New entities and ways of operating electrical power systems have emerged. An example of this is the microgrid (MG), which can be described as a set of power generation units, energy storage systems (ESSs) and demands that can operate as a single set, in order to optimize their energy resources. Moreover, the recent growth in the use of electric vehicles (EVs) in transportation systems has created new challenges to electrical power systems. This article proposes a two-stage stochastic energy scheduling model for an MG to set up the day-ahead optimal decision in the first stage. Real-time operations, depending on wind and photovoltaic solar power, baseload demand and EV demand variability, are taken into account in the second stage.

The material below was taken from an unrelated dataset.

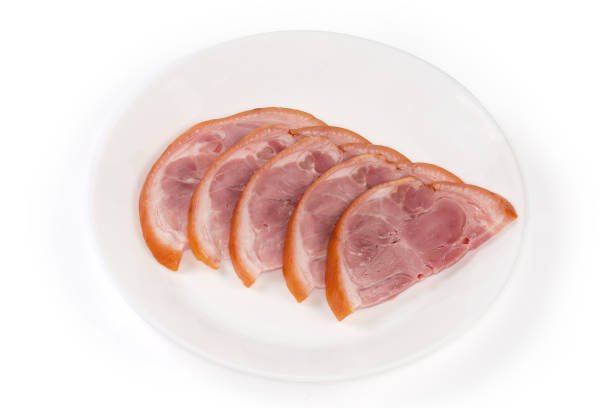 istock Sliced boiled-smoked pork knuckle on a white plate 1463713208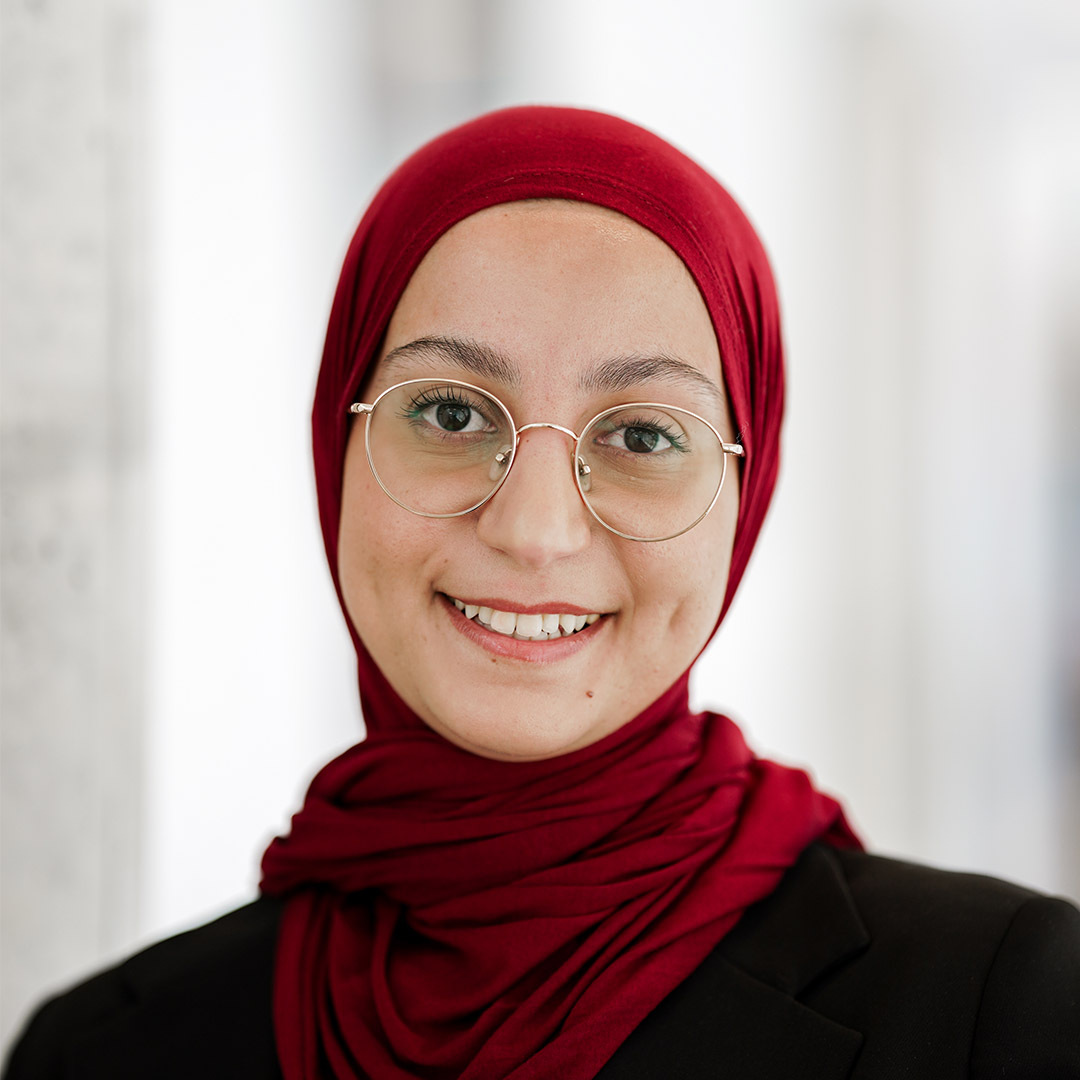 Étudiante souriante en hijab et lunettes, représentant la diversité en éducation.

The proposed model considers conventional generators and alternating current (AC) linearized power flow constraints. Besides, a detailed ESS operation is considered, including degradation costs, and nonlinear charging/discharging as well as efficiency variation dependent of state of charge (SOC), for lead-acid and lithium-ion technologies. EV demand behavior is generated by probability-based algorithms that use the Monte Carlo method to perform their simulations, which are based on data of initial SOC, plugin/out times, type of EVs, and chargers. Finally, the proposed model is successfully validated with an IEEE-37 bus system. The results support the superiority of the proposed model over existing works, showing significant variations in battery bank (BB) operation. The computational time is similar to previous works, despite adding new constraints that increase the complexity.

Automated summary

This article proposes a two-stage stochastic energy scheduling model for optimizing the energy resources of microgrids. The model considers real-time operations based on wind and photovoltaic solar power, baseload demand, and electric vehicle demand, and is validated on an IEEE-37 bus system.